- What is required -
Each line from the one containing "Rust Draped Silk Patiala" through the last line of the data below should be printed exactly, please, with any pictures omitted.
-*-
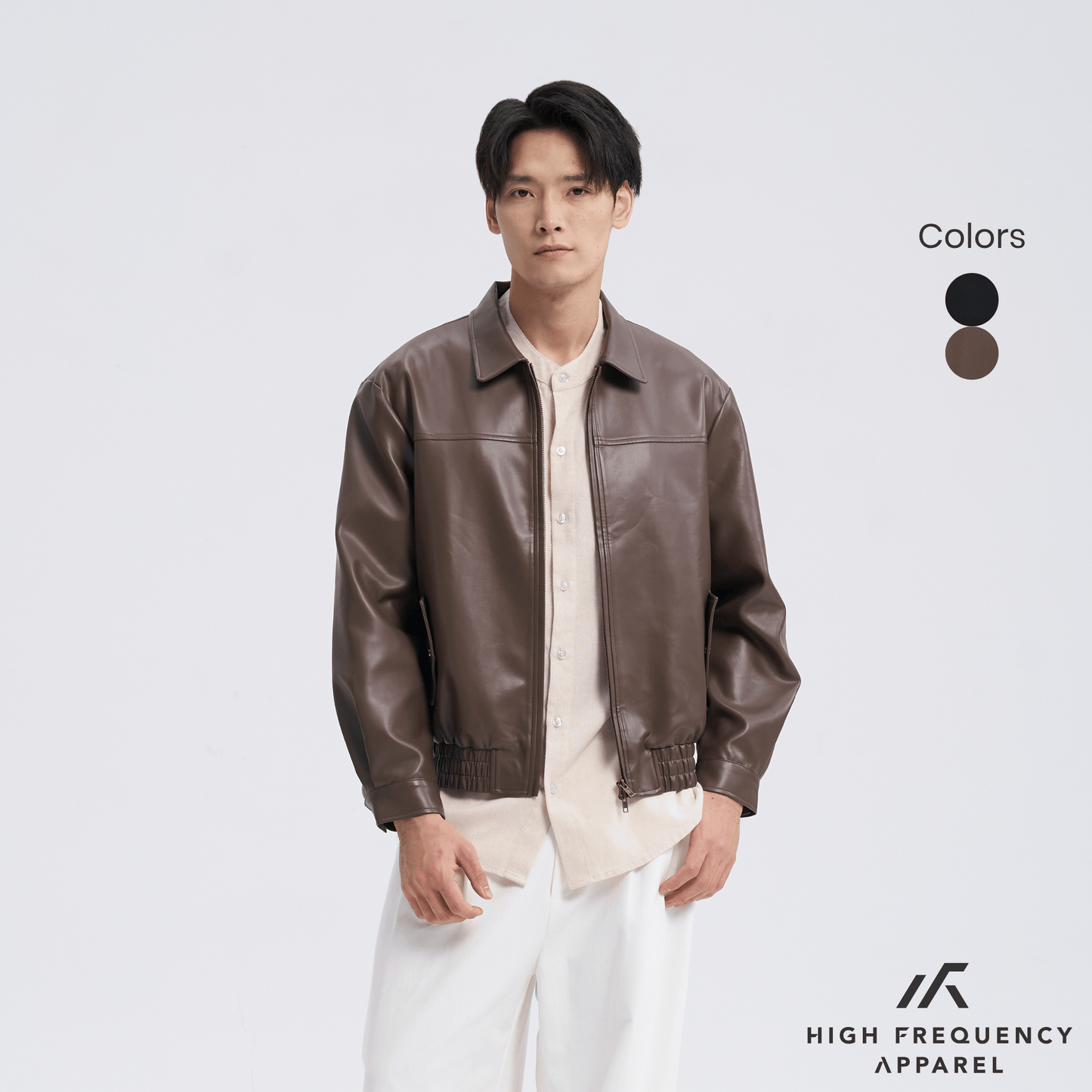 classic pu leather zip-up jacket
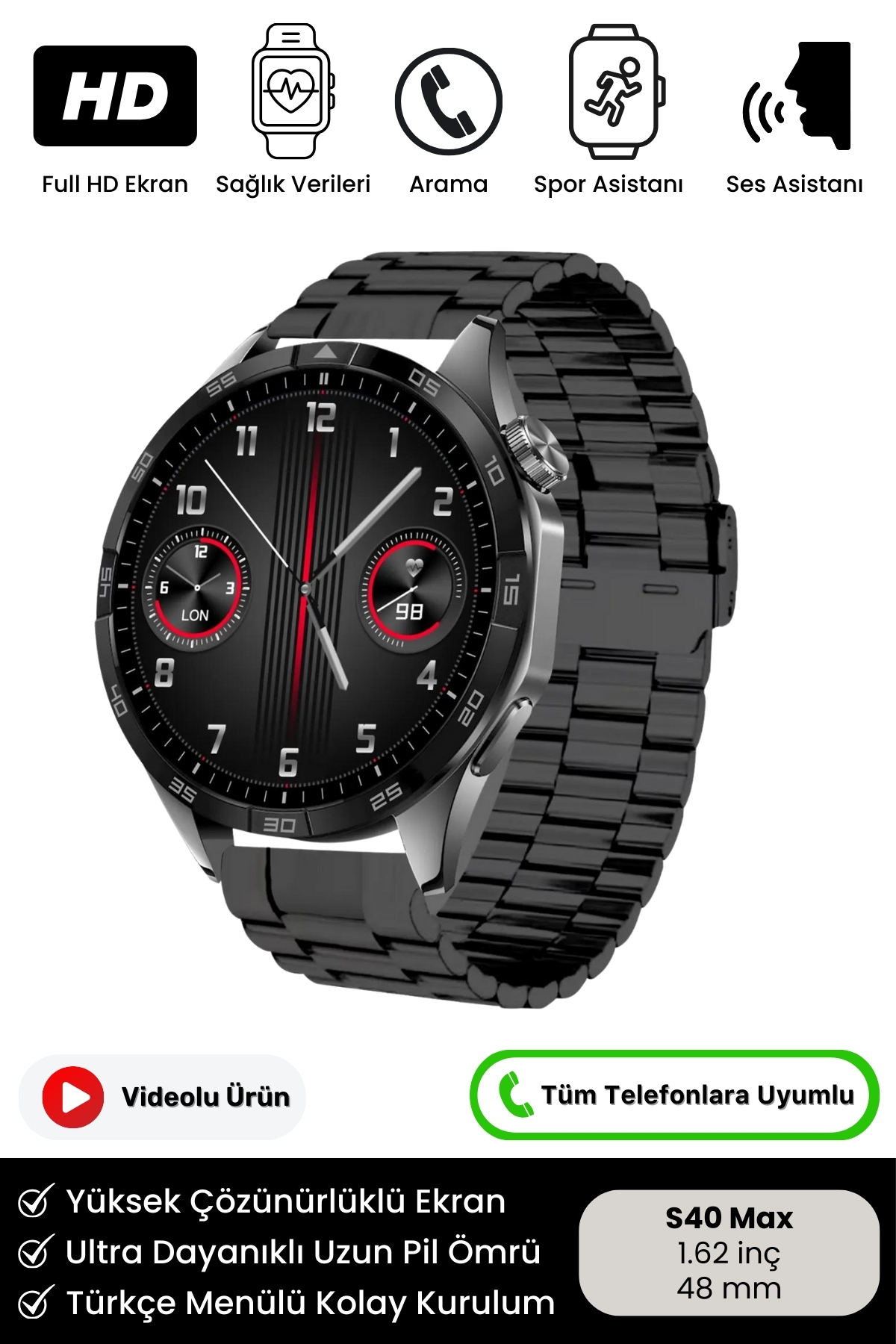 Premium Serisi S40 Max Hd Ekran Spor Ve Sağlık Sensörlü Klasik Model Ios Android Uyumlu Akıllı Saat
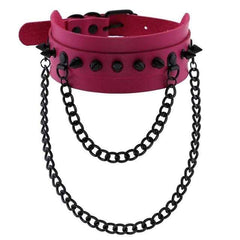 Spiked Trendy Goth Leather Choker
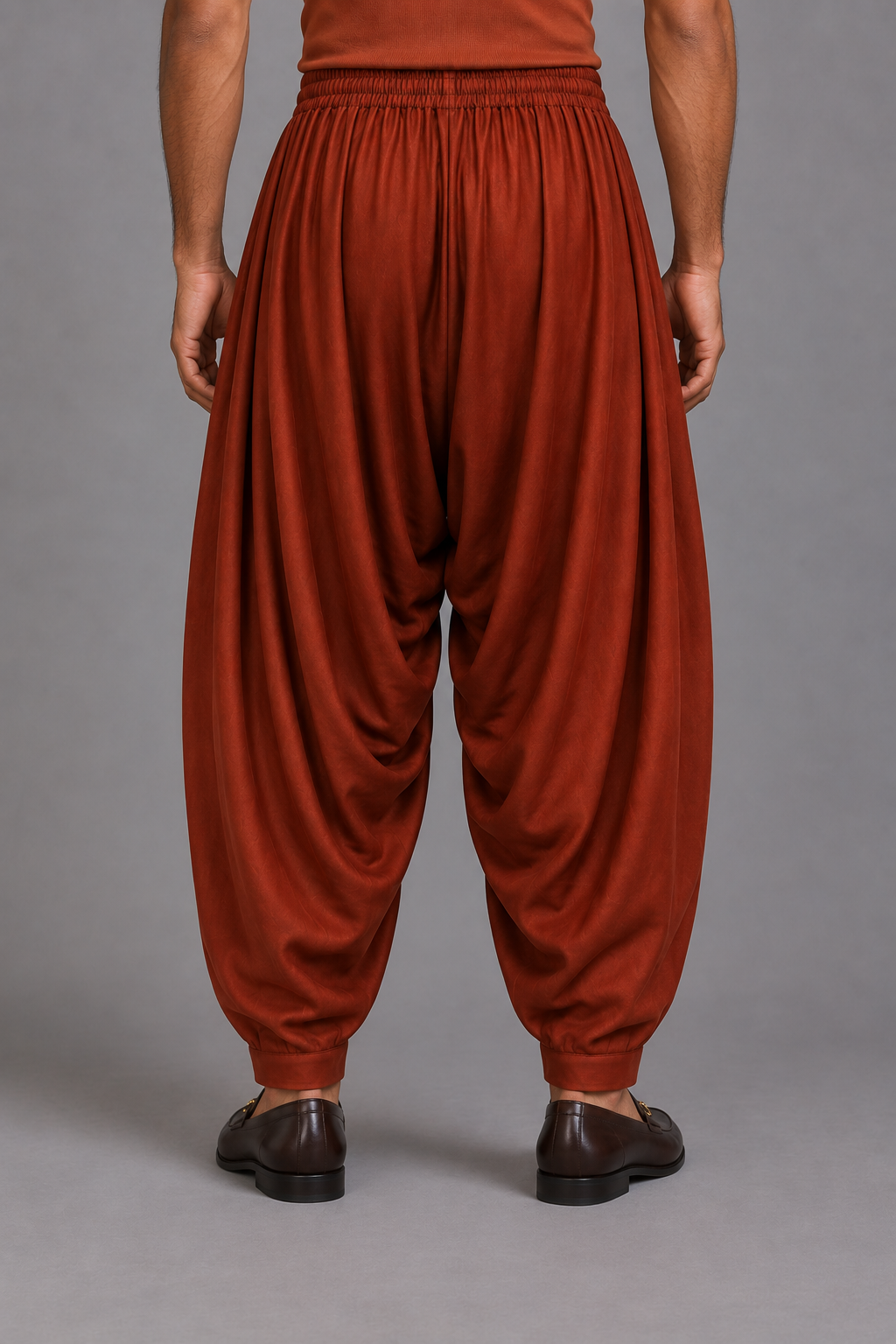 Rust Draped Silk Patiala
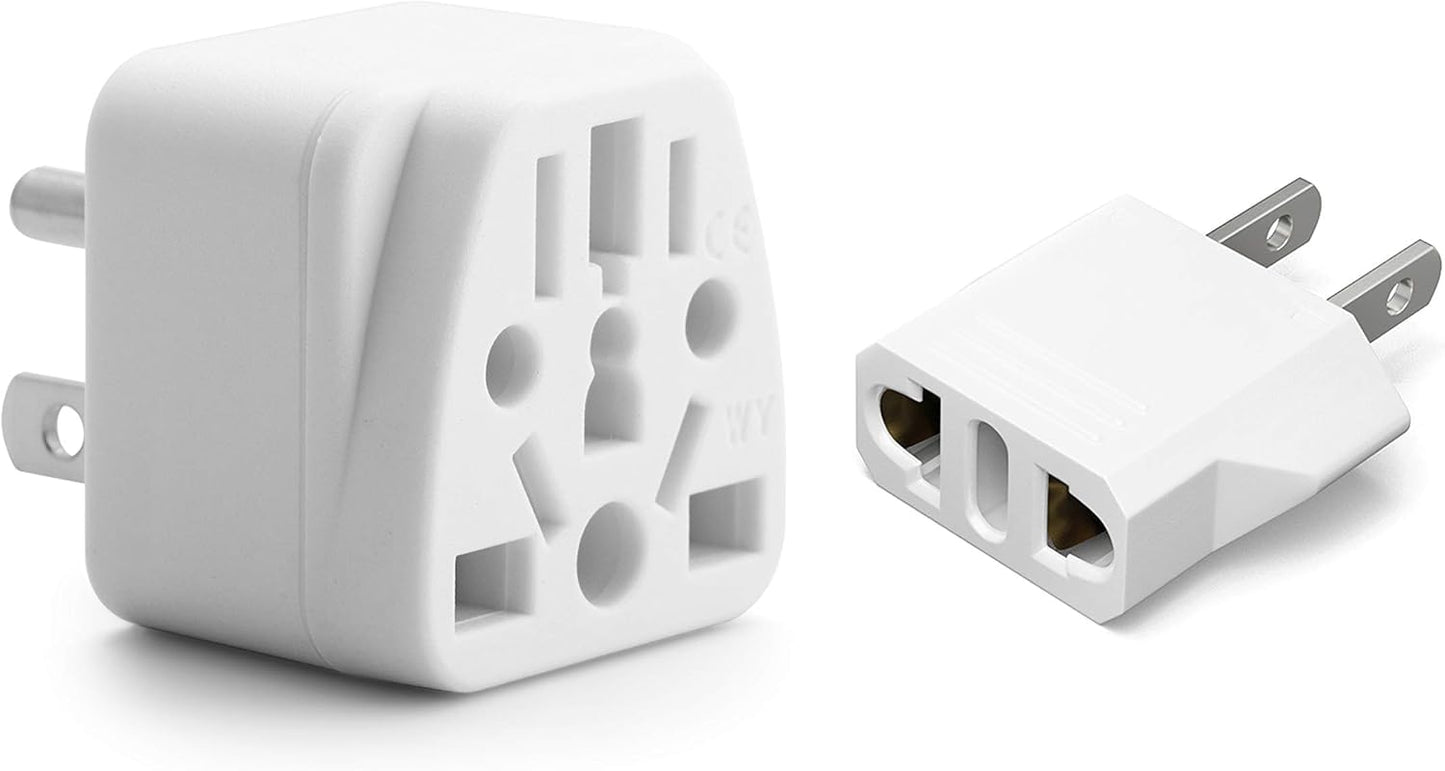 Europe to US Plug Adapter EU/UK/AU/in/CN/JP/Asia/Italy/Brazil to USA (Type A & B) American Travel Adapter and Converter, Wall Outlet Power Charger…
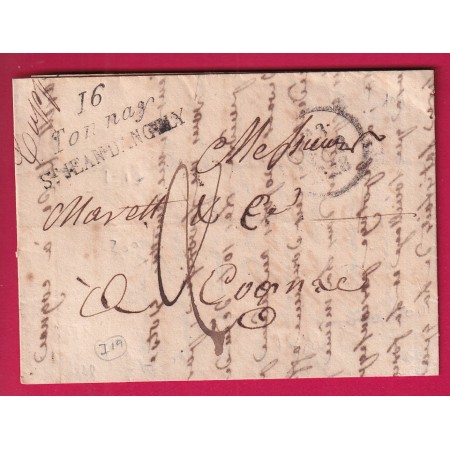 DOUBLE CURSIVE 16 TONNAY ST JEAN D'ANGELY CHARENTE INFERIEURE 1828 POUR COGNAC INDICE 19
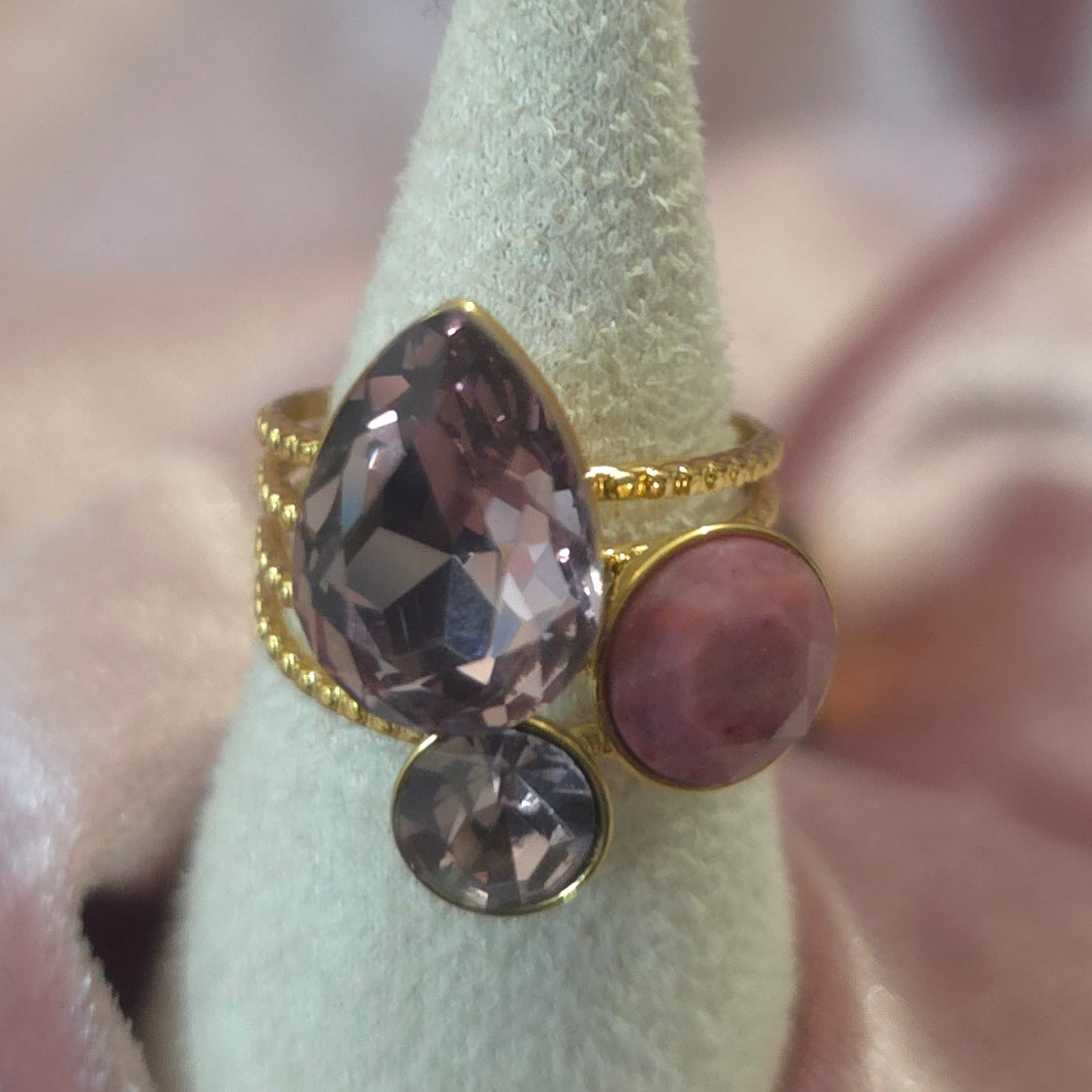 Bague cristal de verre Prune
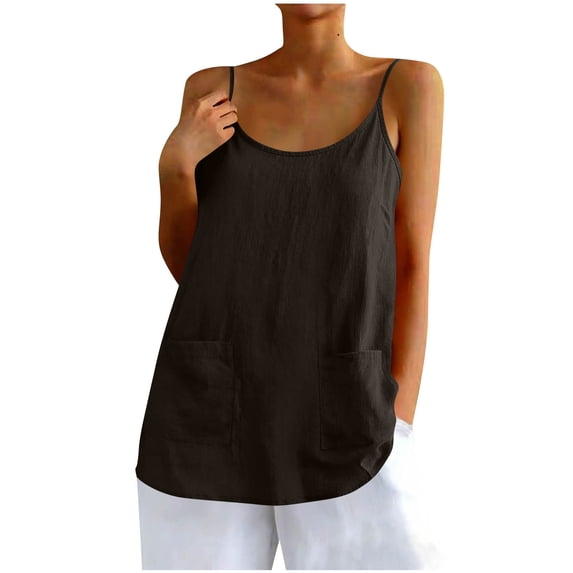 XFLWAM Womens Camisole V Neck Sleeveless Tank Tops Summer Causal Loose Fit Spaghetti Strap Cami Shirts with Pockets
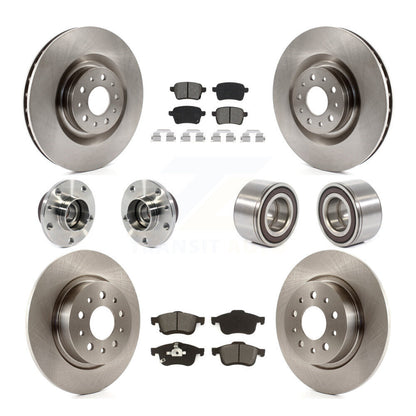 Kit de rotor et de plaquettes de frein à disque, roulement de moyeu avant et arrière (10 pièces) pour Fiat 500 2014 – 2018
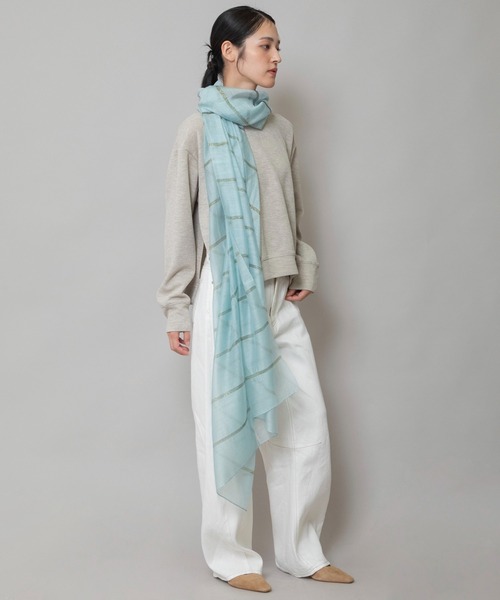 Munich(ミューニック)の「シルクミックスストライプストール(ストール/ショール・レディース・ベージュ/ホワイト/ミント/グレー・FREE)」の9枚目の写真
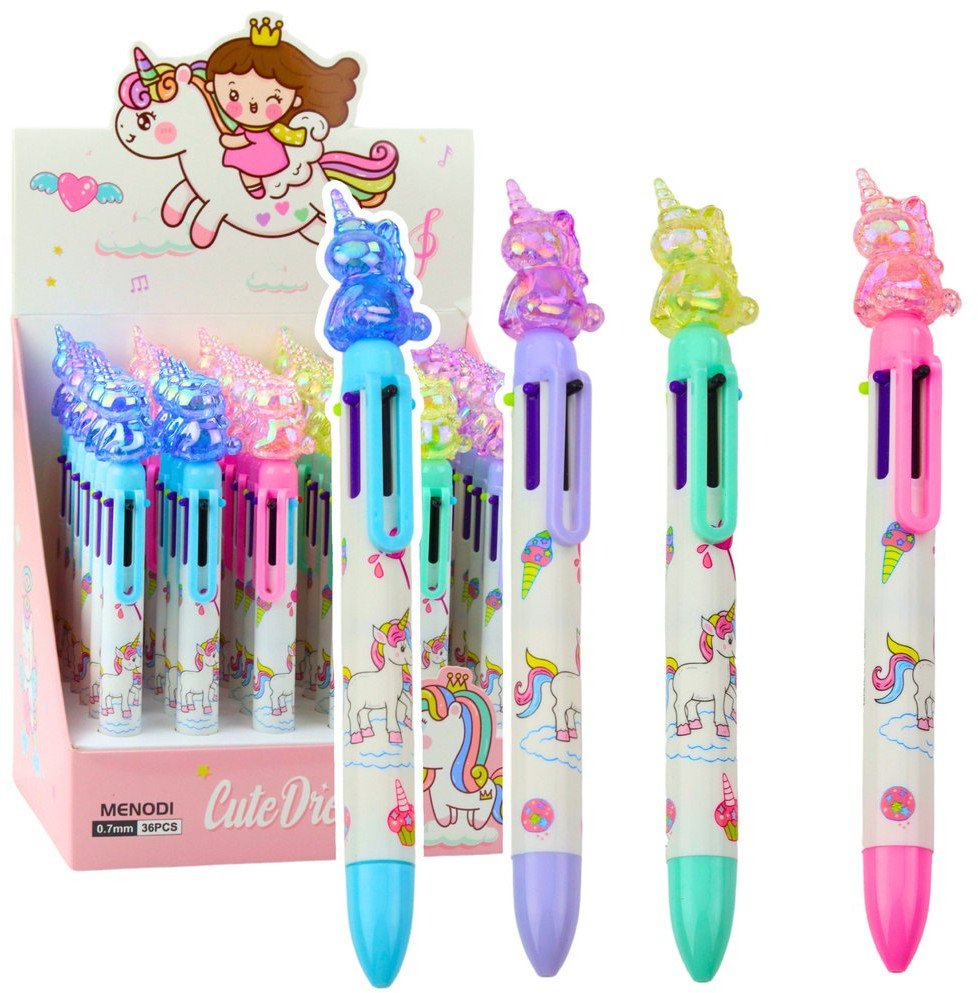 Długopis Wielokolorowy 6 Kolorów Figurka Jednorożca 0.7mm LEAN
-*-
- Result of the task -
 Rust Draped Silk Patiala
 Europe to US Plug Adapter EU/UK/AU/in/CN/JP/Asia/Italy/Brazil to USA (Type A & B) American Travel Adapter and Converter, Wall Outlet Power Charger…
 DOUBLE CURSIVE 16 TONNAY ST JEAN D'ANGELY CHARENTE INFERIEURE 1828 POUR COGNAC INDICE 19
 Bague cristal de verre Prune
 XFLWAM Womens Camisole V Neck Sleeveless Tank Tops Summer Causal Loose Fit Spaghetti Strap Cami Shirts with Pockets
 Kit de rotor et de plaquettes de frein à disque, roulement de moyeu avant et arrière (10 pièces) pour Fiat 500 2014 – 2018
 Munich(ミューニック)の「シルクミックスストライプストール(ストール/ショール・レディース・ベージュ/ホワイト/ミント/グレー・FREE)」の9枚目の写真
 Długopis Wielokolorowy 6 Kolorów Figurka Jednorożca 0.7mm LEAN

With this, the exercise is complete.